カブトムシに教わったこと

Photo: “Banana and trypoxylus dichotomous.”

Photo: “Banana and trypoxylus dichotomous.” 2015. Tokyo, Japan, Apple iPhone 5S.

朝食にバナナを食べている。

最近、田辺農園のバナナを扱う店が増えてきた。熟した重たい味はいやなのだけれど、青いやつも結構売られるようになった。
数あるバナナの中で、それしか買わないのは、カブトムシが田辺農園一択で食べていたからだ。農薬なのか、味なのか、栄養価なのか、とにかく他のバナナには目もくれず、田辺農園のバナナを選んで食べていた。


5年ほど前、真夏の郵便ポストの下で、行き場が無さそうにしていたカブトムシを飼った。そういうものは甘やかすタイプなので、体に良さそうなものを色々与えてみた。昆虫ゼリーにはじきに見向きもしなくなり、だいたい季節のフルーツを食べていた。

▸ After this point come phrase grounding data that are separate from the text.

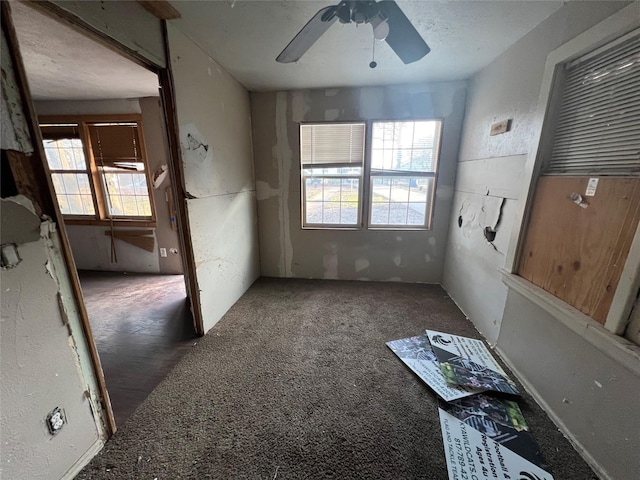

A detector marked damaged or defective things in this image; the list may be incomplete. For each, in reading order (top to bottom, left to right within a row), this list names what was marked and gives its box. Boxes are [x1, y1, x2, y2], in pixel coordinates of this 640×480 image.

damaged drywall [249, 82, 464, 284]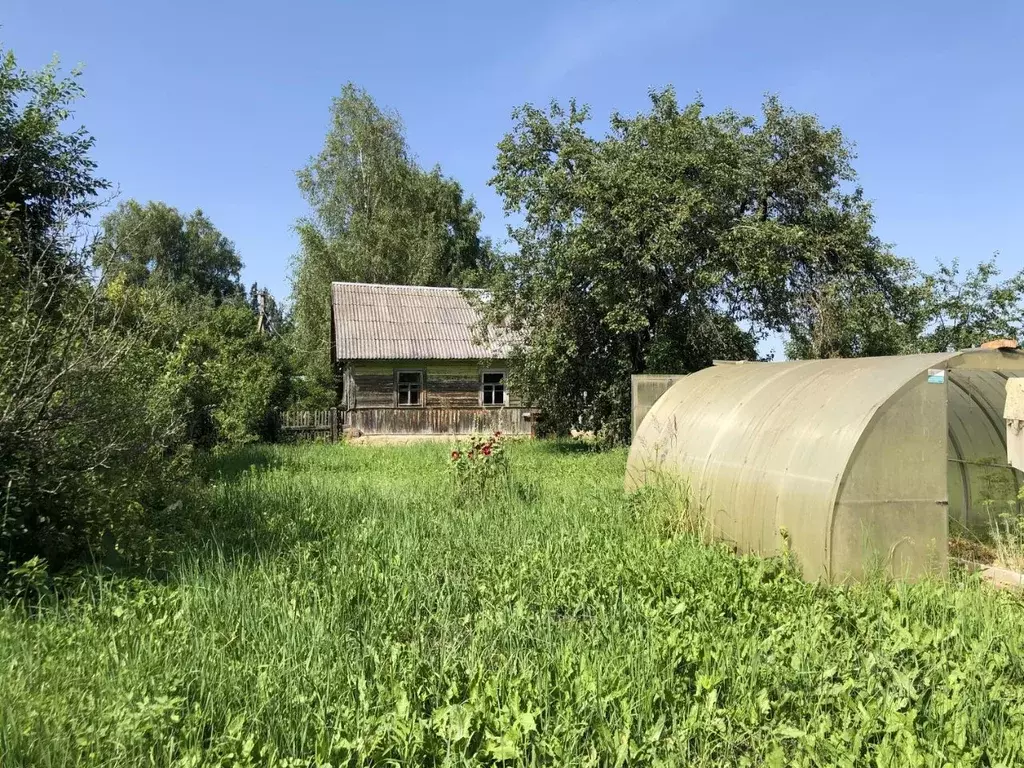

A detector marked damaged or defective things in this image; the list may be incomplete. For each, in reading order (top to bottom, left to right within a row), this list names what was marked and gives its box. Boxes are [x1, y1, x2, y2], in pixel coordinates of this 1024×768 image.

rusty roof sheet [331, 282, 516, 364]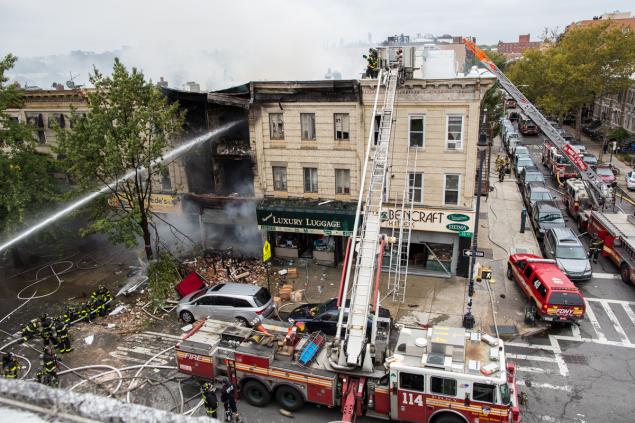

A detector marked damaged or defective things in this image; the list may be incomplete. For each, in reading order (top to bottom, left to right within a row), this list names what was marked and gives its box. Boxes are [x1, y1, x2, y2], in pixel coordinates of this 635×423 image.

broken window [48, 112, 66, 129]
broken window [300, 113, 316, 142]
broken window [444, 115, 464, 150]
damaged storefront [258, 200, 358, 266]
damaged storefront [380, 206, 474, 278]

西瓜なんてとうになくなって、もう冬になろうとする頃まで長生きして、なかでもよく食べたのが田辺農園のバナナだった。因果関係は分からないが、カブトムシは驚異的に(拾ってから約5ヶ月)長生きしたし、田辺農園バナナを選んで食べていた事実との、相関関係は有りそうだ。そういう事で、僕は今でも田辺農園一択で食べている。


そう言えば、もう一つの発見もあった。

冬場、首の痛みに悩まされていたが、カブトムシ用に24時間暖房をかけっぱなしにしていた時に(秋が深まる頃まで生きていたのだ)、その症状が消失することを発見した。暖房を切らずに寝れば、痛みはほぼ起きなかった。

カブトムシの亡骸は、しばらく飼育ケースの中にいれておいた。さて、どうしたものかと思う。
都心では、結局埋める場所も無かったので、家で一番大きな植木鉢の中に埋めた。そういう都市埋葬スタイルがあっても良いだろう。今はすっかり大きく育ったハートホヤの根元で眠っている。

プレゼンのトレーニングを受けている。

Photo: “Hawkers in Singapore.”

Photo: “Hawkers in Singapore.” 2016. Singapore, Apple iPhone 6S.

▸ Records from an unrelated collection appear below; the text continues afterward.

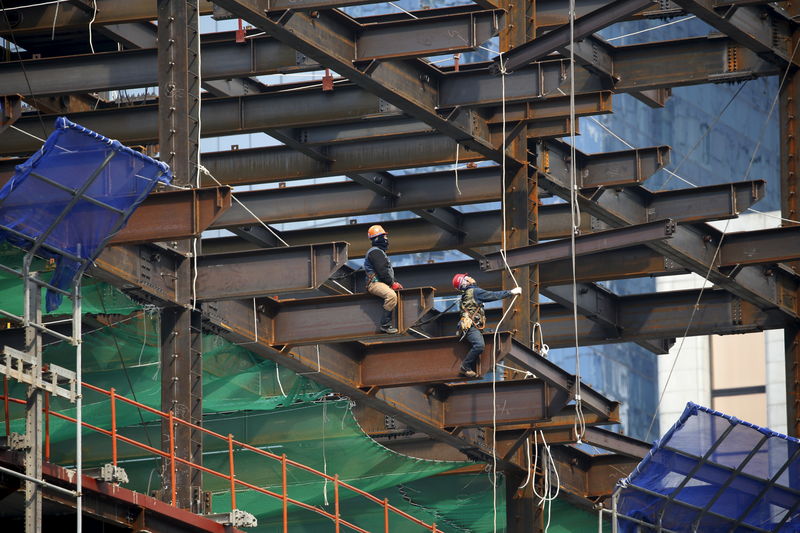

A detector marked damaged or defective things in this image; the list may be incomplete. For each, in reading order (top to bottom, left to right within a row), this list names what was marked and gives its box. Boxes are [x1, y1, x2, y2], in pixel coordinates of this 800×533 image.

rusty steel beam [108, 186, 231, 244]
rusty steel beam [195, 242, 348, 300]
rusty steel beam [482, 219, 676, 272]
rusty steel beam [203, 286, 434, 344]
rusty steel beam [356, 332, 512, 386]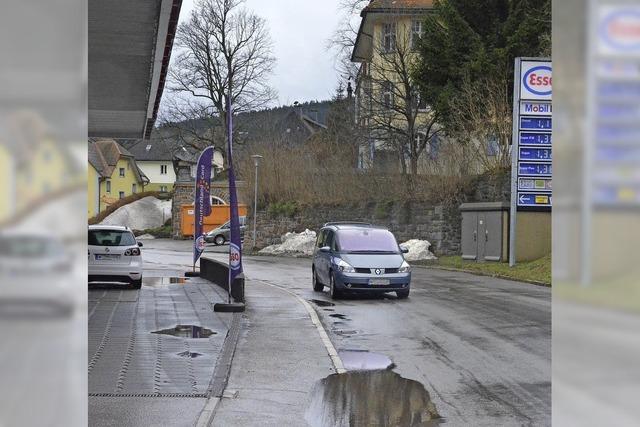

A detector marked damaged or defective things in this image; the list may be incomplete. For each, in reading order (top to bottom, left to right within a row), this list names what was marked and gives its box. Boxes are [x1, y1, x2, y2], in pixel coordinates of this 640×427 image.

road pothole [340, 352, 396, 372]
road pothole [304, 370, 440, 426]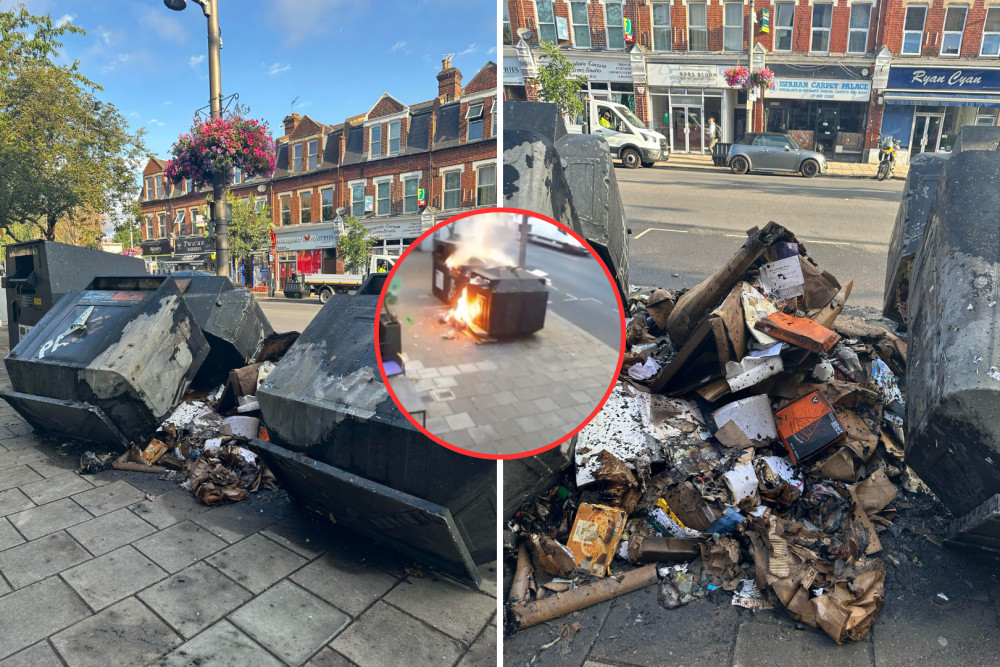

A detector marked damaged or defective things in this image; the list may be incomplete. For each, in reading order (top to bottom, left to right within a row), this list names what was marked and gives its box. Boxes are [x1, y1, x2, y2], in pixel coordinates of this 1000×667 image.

charred cardboard [772, 392, 844, 464]
charred cardboard [568, 500, 628, 580]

プレゼンのトレーニングを受けている。(オンラインだ)

ランダムに組んだ相手と、お互いにプレゼンして、お互いに批評する。「凄く頭のいい人がプレゼンに来たな、俺に内容が分かるだろうか、と感じた」と、多分皮肉を込めて、コメントされる。

今流行の?(ソーシャルな世界で求められる)寄り添うプレゼンテーションには、なってないみたいだ。

しかし、それは自分が今、沢山勉強したり、沢山取り入れたり、沢山考えたり、そういう事をしてるっていうのも有るかもしれない、と後から思う。テックの一見尊大に見える人達の中身も、実はこういう事じゃ無いだろうか。


久しぶりの羊節を聞けた、と社外のインストラクターは喜んでいた。その人とは昔、一緒に働いたことが有るのだ。多分、彼が知っている頃の僕というのはまだ20代後半とか30代前半とか、それぐらいのものだ。

取り戻しつつあるのかもしれない。よりましな問題意識を内に持って、あの時よりは賢く、あの時よりは優しく、そして、少しはましな選択ができるんじゃないか。そんな気もする。

不気味の谷と、アンドロイドのお姉さん

Photo: "Egg android."

Photo: “Egg android.” 2016 Sidney, Australia, Apple iPhone 6S.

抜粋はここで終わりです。